— DATA PROVIDED —
------------------------
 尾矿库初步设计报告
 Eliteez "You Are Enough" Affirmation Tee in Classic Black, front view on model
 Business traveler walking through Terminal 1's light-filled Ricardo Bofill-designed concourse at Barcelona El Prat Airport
------------------------
— YOUR GOAL —
What is wanted is every line above, written out exactly.

— COMPLETED EXERCISE —
 尾矿库初步设计报告
 Eliteez "You Are Enough" Affirmation Tee in Classic Black, front view on model
 Business traveler walking through Terminal 1's light-filled Ricardo Bofill-designed concourse at Barcelona El Prat Airport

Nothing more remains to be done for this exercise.